According to World Water Day organizers, the objective is to accelerate change to solve the world-wide water and sanitation crisis because “dysfunction throughout the water cycle is undermining progress on all major global issues, from health to hunger, gender equality to jobs, education to industry, disasters to peace.”

Environmental problems in the Great Lakes and its bays are examples of that dysfunction.

Dr. Val Klump is the former dean and a Professor of the School of Freshwater Sciences at UW-Milwaukee. During his Fish Tales presentation, he will describe how Lake Michigan and Green Bay have “long suffered from environmental deterioration from our activities — industry, urbanization, agriculture, you name it.”

According to Klump, “Our goal is to foster the restoration of the Green Bay ecosystem through looking at what can be done to reduce dead zones, improve water quality and bequeath a healthy ecosystem to future generations.”

We at Crossroads are becoming a part of that research and restoration effort. Our theme “Where Waters Meet” alludes to the fact that waters from the Big Creek Watershed, from the Bay of Sturgeon Bay, and from groundwater (which travels through the fractures of our bedrock) all meet in The Cove Estuary.

The water quality from any and all of these sources will greatly impact the plants and animals of our preserves. Through our on-going efforts, we hope to be worthy stewards of our preserves … and to share what we learn with others who are endeavoring to improve water quality.

Other programs include the March meeting of the Door County Beekeepers at which Max Martin will lead a discussion on conducting a necropsy (the animal equivalent of an autopsy) on a winter-dead hives and offer advice on evaluating old hive frames. Visitors are encouraged to attend.

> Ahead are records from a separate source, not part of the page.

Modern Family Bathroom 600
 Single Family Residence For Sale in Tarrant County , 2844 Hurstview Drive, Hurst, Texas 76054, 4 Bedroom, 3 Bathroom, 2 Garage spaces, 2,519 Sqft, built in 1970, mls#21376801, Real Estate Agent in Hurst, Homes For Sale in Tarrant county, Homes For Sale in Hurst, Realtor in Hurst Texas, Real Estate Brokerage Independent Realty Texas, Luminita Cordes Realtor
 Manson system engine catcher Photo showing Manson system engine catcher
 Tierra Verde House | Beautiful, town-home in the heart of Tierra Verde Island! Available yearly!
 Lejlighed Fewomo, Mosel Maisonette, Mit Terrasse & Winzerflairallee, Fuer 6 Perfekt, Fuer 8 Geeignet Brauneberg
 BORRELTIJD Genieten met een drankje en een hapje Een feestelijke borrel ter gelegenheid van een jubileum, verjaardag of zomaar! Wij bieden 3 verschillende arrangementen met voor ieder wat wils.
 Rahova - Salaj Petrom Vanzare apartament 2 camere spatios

In observance of Women’s History Month, at the monthly Crossroads Book Club on Wednesday, March 22, at 10:00 a.m.. participants will join Crossroads staff around the fireplace to discuss “My Double Life” by Frances Hamerstrom, a falconer, naturalist, and student of Aldo Leopold. All are welcome to attend, whether or not they have read the book. A limited number of copies of the book are available at Crossroads.